Symptoms of damage to the brain may include confusion, poor concentration and memory loss, lack of coordination, low sex drive, fatigue, apathy, dizziness, depression, lowered cognitive abilities, hallucinations, aggression, violent behavior, mood swings and poor judgment. Long-term use of drugs and alcohol has been linked to a higher incidence of Parkinson’s disease.
How You Can Help
Most brain damage due to use of drugs and alcohol can be fully or partially reversed. Healing the brain takes time, patience and persistence, but there are things you can do to ensure the process moves along as smoothly as possible:
- Seek drug and alcohol addiction treatment or rehab, as there’s no way for the brain to heal while toxic substances are still in the body. The longer you wait, the more difficult it will be for the brain to repair itself.
- Don’t attempt to detox on your own. Seek the help of a detox center or qualified treatment center.

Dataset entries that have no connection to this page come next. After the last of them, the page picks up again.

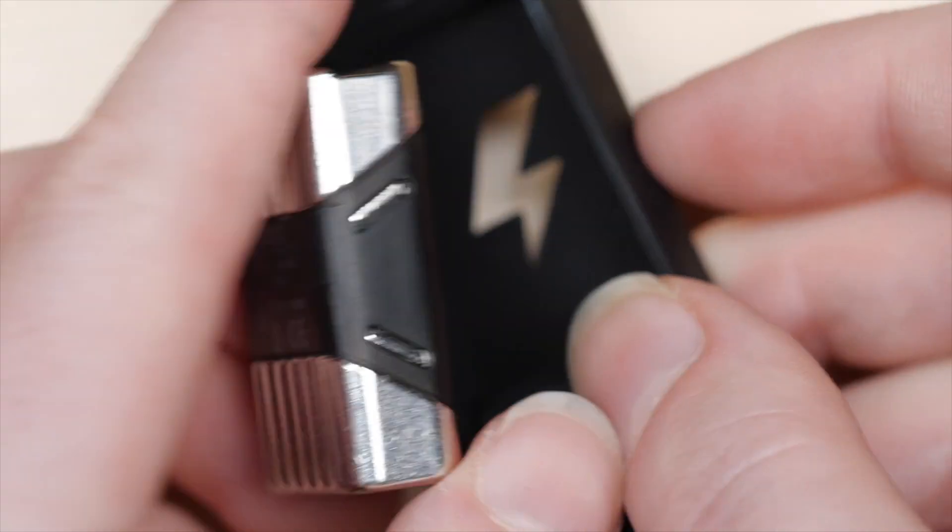Hey, it's Becky. Welcome to the new Teardown series on my channel, where I'll take apart gadgets and share what I find inside. First up is the Pavlok, a shocking wearable designed to help you break bad habits.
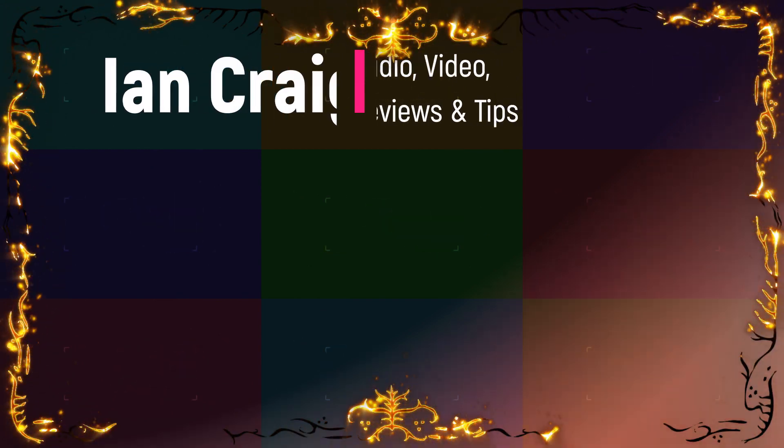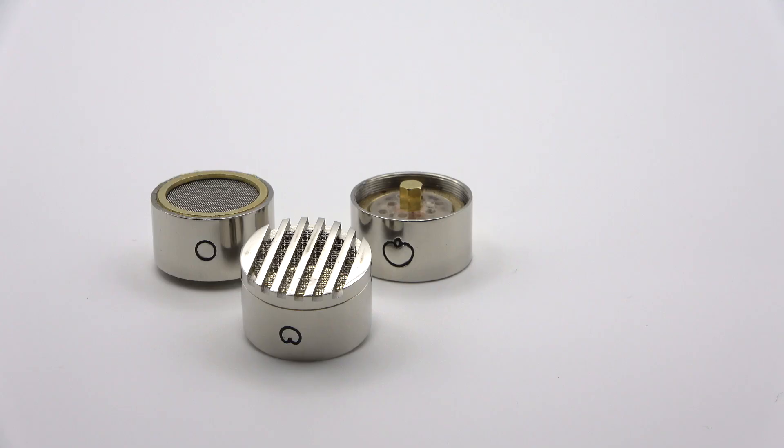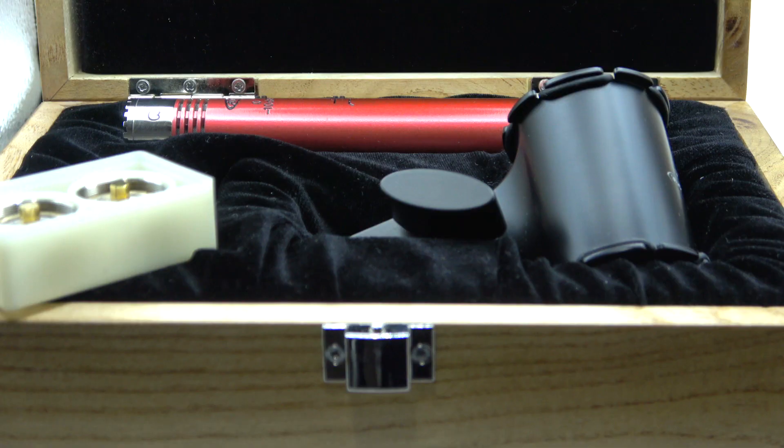This is a rather pretty mic — it's the Aventone CK1. It comes with three capsules: this one, the cardioid, an omni, and a hypercardioid. It also comes with a rather nice box.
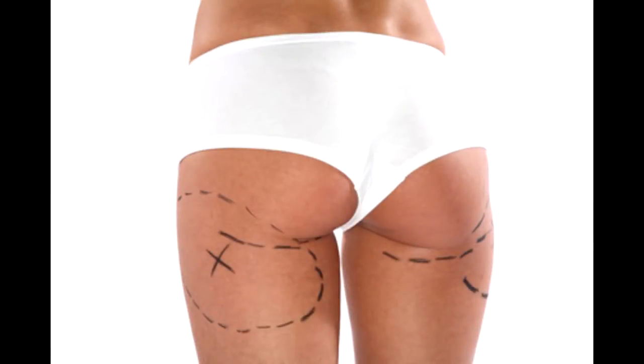The problem is if the patient doesn't have enough fat. In those cases we need to use an implant for reshaping the buttocks. In that case we are using a 5 cm incision in between the buttocks. We go in and put the implant into the muscle.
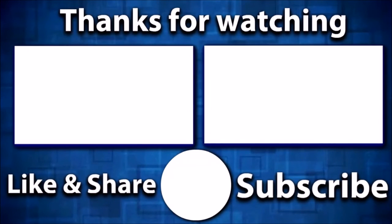Enjoy the randomness, and like and subscribe because you know you want to. See ya! Bye.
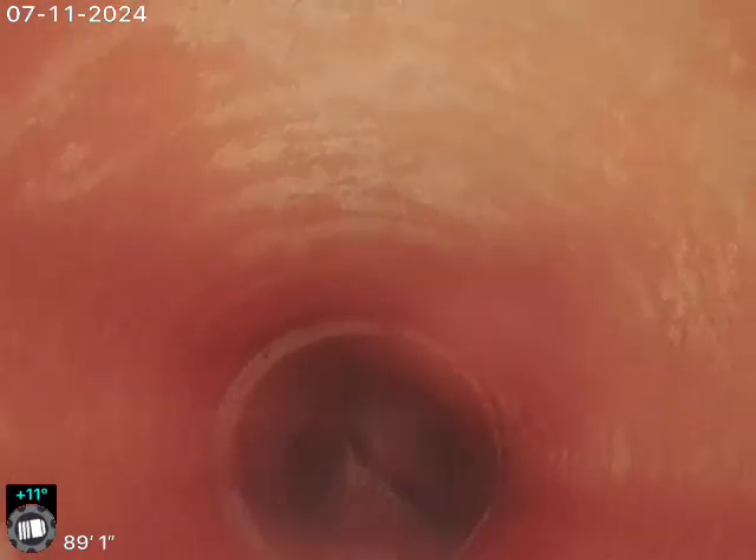4401 South Estes — scoping the sewer line after cleaning. The line runs 92 feet to the city sewer tap connection, into the main original clay tile piping on the exterior side of the home.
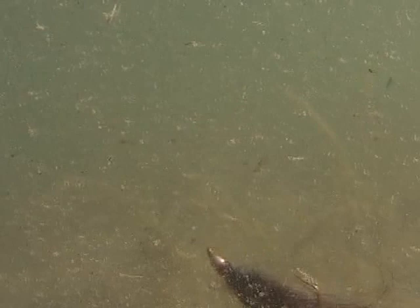We've got bead-headed flies on. I've tied the deep water leech on with a loop knot, so that fly is going to be dipping and diving as we're retrieving it as well.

- Learn mindfulness meditation or yoga, which can make you more aware of your thoughts and actions and help you learn less harmful ways of coping with stress and anxiety.
- Reward your brain with healthy activities that promote brain growth and development. There are countless ways of accomplishing this. For example, do puzzles, learn a new skill, take a class or play a musical instrument. Like a muscle, the brain becomes stronger with exercise.

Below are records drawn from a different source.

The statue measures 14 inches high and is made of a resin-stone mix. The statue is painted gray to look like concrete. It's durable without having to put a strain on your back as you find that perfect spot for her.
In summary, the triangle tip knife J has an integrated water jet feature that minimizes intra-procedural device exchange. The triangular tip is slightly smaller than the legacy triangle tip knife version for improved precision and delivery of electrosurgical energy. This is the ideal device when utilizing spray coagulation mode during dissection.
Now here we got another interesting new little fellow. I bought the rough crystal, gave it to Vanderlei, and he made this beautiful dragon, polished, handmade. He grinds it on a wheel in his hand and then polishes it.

- Read a good book or magazine, as reading exercises the brain and minimizes stress. You may find it difficult to concentrate at first, but with time, it will become easier to focus.
- Eat a healthy diet. It isn’t necessary to be extreme, but try to eat foods in their natural state as much as possible. Incorporate healthy oils and proteins such as fish, cheese, eggs or grass-fed meat. Include brain-healing foods such as broccoli, leafy green vegetables, oatmeal, wheat germ, celery, berries, beans, nuts and seeds or turmeric.
- Get enough sleep, as the brain has a harder time healing if you feel exhausted. People in recovery often need eight to 10 hours per night, and sometimes a nap during the day.
- Get plenty of exercise, but start slowly.
- Spend time with supportive friends and family. Make time for fun.